Nigerian Bar Association (NBA) has called its members to confront issues that have assailed the profession and nation such as, bad governance, insecurity, impunity and corruption.
The call was made by the NBA President, Mr. Yakubu Chonoko Maikyau, at the inauguration of 2022-2024 national executive committee.
He urged the lawyers to boldly confront issues that have plagued the profession, tear down the walls of division, raise up the fallen standards and jointly disavow every unethical, unprofessional and sectional thought and action that has kept them from moving forward and achieving their true potential.
He stated that the ultimate outcome of the 2023 election would largely depend on the interface between the Bench, Bar and political gladiators.
“As members of the legal profession, serving either on the Bench or at the Bar, we owe Nigerians sincere and honest participation in the process. We must do all that is legitimately within our abilities, motivated by the desire to serve the course of justice, to ensure that the relevant laws and rules, properly interpreted and applied, remain the guiding principles for our involvement in the process.
“While we shall stand with the Courts and do everything legal to protect the integrity of the Bench against any form of intimidation by the political class, any person or group of persons, we will not hesitate to call out and pursue disciplinary action(s) against erring judicial officials.
“Similarly, members of the Bar, who misconduct themselves while participating in the resolution of electoral disputes will face disciplinary action at the Legal Practitioners’ Disciplinary Committee (LPDC) and the Legal Practitioners’ Privileges Committee (LPPC), where Senior Advocates of Nigeria (SAN) are involved,” he stated.
Maikyau urged the Independent National Electoral Commission (INEC) and the various State Independent Electoral Commissions to emulate the NBA; to leverage on technology in the conduct of future general elections with minimal or no exposure of the electorate to insecurity, risks and other associated costs/expenses in the process, in addition to reducing likelihood of electoral malpractice.
He noted that the new NBA executive council would continue to promote the rule of law, advocate the protection of human rights; champion law reforms and protect the integrity and independence of the judiciary.
“The Nigerian Bar must be known for its transparency, integrity and care for the Nigerian people, by speaking up boldly for the freedom of the people of Nigeria,” he said.
To achieve a sustainable electoral process in the association, he appointed Mr. E. Y. Kura as chairman of Electoral Reforms Committee, which when approved by National Executive Council (NEC), would review existing electoral guidelines.

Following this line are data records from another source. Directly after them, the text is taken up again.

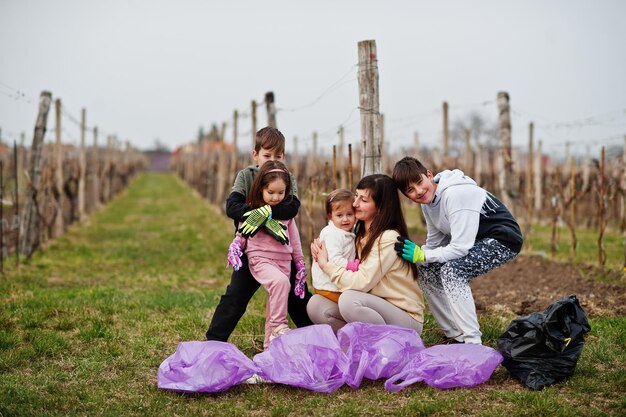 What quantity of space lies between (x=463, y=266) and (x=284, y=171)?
1283 mm

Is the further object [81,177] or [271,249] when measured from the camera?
[81,177]

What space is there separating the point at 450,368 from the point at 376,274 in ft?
2.35

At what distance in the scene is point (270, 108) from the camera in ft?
34.1

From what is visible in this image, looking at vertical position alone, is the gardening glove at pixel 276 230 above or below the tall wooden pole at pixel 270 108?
below

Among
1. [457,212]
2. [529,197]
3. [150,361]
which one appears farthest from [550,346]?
[529,197]

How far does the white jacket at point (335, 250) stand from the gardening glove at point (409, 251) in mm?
330

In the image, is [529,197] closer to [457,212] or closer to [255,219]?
[457,212]

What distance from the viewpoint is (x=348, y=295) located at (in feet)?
13.4

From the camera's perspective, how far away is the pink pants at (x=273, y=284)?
4178 mm

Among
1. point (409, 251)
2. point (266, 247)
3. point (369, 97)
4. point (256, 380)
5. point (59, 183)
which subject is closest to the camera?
point (256, 380)

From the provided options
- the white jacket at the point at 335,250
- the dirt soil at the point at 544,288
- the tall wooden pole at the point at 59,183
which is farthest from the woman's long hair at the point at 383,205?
the tall wooden pole at the point at 59,183

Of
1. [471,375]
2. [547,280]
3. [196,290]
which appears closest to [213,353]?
[471,375]

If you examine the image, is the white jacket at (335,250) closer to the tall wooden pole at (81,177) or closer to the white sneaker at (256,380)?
the white sneaker at (256,380)

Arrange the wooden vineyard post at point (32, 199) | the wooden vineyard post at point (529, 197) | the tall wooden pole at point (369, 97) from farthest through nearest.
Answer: the wooden vineyard post at point (529, 197) → the wooden vineyard post at point (32, 199) → the tall wooden pole at point (369, 97) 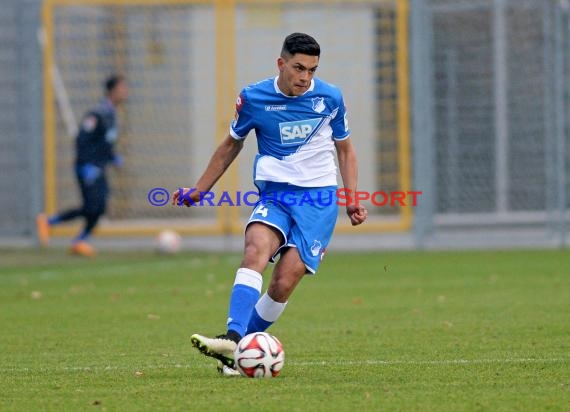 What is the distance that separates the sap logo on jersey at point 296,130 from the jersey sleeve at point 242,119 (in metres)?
0.20

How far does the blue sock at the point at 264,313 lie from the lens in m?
7.55

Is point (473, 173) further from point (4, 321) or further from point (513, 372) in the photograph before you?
point (513, 372)

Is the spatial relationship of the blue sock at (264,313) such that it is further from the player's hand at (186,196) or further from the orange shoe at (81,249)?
the orange shoe at (81,249)

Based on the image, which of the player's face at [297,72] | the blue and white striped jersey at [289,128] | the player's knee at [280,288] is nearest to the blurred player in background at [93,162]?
the blue and white striped jersey at [289,128]

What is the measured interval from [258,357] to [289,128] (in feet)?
5.06

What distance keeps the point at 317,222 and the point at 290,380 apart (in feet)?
3.70

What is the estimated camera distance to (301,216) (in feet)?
24.7

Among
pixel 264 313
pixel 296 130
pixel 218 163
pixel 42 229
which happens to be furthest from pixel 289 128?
pixel 42 229

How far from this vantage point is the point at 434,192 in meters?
19.5

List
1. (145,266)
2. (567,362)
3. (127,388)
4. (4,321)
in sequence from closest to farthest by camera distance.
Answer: (127,388) < (567,362) < (4,321) < (145,266)

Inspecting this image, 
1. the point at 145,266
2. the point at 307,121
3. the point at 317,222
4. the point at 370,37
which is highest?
the point at 370,37

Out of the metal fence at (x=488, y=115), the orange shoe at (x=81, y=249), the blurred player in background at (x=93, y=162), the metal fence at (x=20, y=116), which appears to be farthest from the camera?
the metal fence at (x=20, y=116)

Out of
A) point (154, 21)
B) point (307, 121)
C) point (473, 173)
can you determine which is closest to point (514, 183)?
point (473, 173)

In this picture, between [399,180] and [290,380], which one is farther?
[399,180] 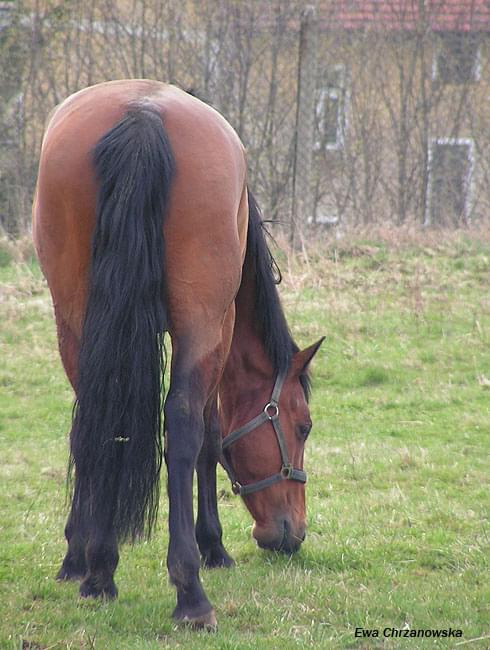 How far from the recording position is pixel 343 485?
5.86 meters

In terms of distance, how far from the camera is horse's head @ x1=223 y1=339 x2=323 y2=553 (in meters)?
4.59

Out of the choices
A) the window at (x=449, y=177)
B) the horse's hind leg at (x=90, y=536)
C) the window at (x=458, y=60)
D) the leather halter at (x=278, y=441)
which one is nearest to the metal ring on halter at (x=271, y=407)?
the leather halter at (x=278, y=441)

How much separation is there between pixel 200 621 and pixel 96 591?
523 mm

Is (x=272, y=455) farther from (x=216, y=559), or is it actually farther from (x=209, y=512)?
(x=216, y=559)

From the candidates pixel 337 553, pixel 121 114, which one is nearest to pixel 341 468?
pixel 337 553

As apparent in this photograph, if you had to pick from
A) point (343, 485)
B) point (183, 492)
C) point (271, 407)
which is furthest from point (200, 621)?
point (343, 485)

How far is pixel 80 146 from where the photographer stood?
350 centimetres

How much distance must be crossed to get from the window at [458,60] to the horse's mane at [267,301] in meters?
10.1

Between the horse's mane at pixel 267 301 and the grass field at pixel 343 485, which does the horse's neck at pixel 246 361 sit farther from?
the grass field at pixel 343 485

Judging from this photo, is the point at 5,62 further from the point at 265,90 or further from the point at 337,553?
the point at 337,553

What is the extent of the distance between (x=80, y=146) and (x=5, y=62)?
1045cm

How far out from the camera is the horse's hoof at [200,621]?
3484mm

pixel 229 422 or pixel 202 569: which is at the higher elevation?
pixel 229 422

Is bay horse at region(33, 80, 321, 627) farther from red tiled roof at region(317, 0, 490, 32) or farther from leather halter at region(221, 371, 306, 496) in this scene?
red tiled roof at region(317, 0, 490, 32) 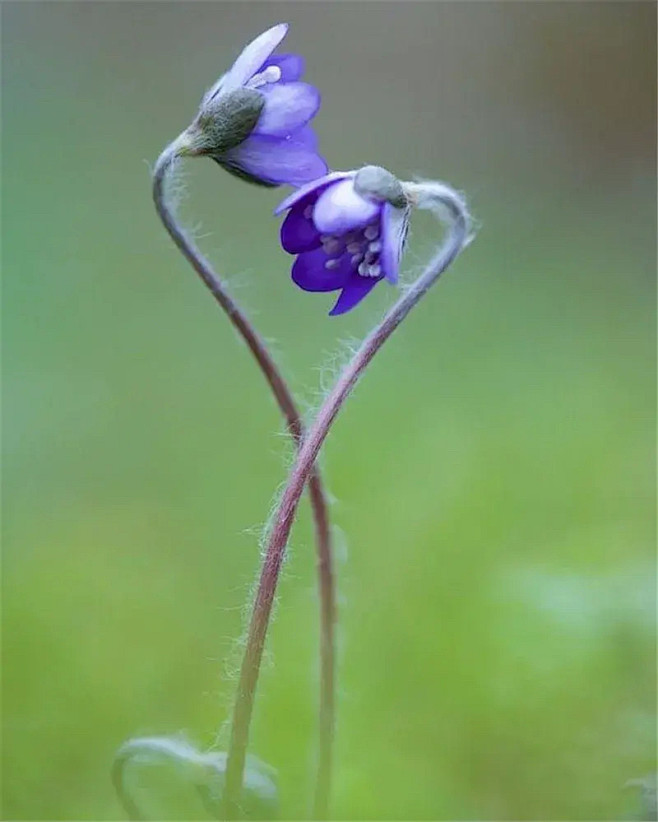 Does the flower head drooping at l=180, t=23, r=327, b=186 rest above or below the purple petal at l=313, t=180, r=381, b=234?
above

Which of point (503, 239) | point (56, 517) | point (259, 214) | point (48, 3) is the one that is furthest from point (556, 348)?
point (48, 3)

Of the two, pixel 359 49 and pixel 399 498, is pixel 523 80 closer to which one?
pixel 359 49

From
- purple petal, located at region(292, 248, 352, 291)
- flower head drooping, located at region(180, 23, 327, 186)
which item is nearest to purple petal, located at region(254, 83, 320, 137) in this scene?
flower head drooping, located at region(180, 23, 327, 186)

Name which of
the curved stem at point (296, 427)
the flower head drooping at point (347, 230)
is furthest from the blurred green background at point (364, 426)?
the flower head drooping at point (347, 230)

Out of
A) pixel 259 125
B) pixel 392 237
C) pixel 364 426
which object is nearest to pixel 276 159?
pixel 259 125

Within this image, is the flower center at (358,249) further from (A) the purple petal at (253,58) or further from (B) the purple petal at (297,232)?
(A) the purple petal at (253,58)

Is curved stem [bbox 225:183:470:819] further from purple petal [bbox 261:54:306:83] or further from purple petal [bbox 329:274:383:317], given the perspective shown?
purple petal [bbox 261:54:306:83]

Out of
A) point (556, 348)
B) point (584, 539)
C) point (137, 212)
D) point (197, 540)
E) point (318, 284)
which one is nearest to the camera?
point (318, 284) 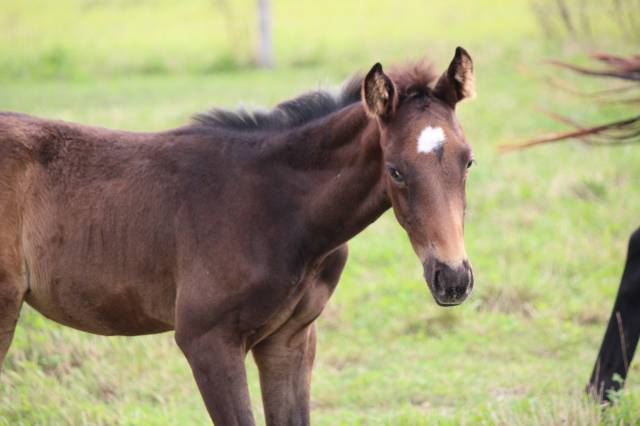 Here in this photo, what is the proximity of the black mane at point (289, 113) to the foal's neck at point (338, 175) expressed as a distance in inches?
5.0

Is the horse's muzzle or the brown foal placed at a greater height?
the brown foal

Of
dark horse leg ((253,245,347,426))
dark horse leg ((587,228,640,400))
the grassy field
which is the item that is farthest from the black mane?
dark horse leg ((587,228,640,400))

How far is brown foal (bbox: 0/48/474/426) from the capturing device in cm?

According to him, the current curriculum of legal education in Nigeria is out of touch with modern realities. “To fully exploit and unleash the potentials of lawyers as catalysts for change, particularly the socio-economic and political transformation of the nation, we need to look differently and more creatively into the training of Nigerian legal workforce for the future,” he said.
He explained that they would use 2007 and 2008 Funke Adekoya Report on the Reform of Legal Education in Nigeria, with other valuable resources to develop an NBA legal education framework that will act as regulatory document for all discussions by the NBA on the subject.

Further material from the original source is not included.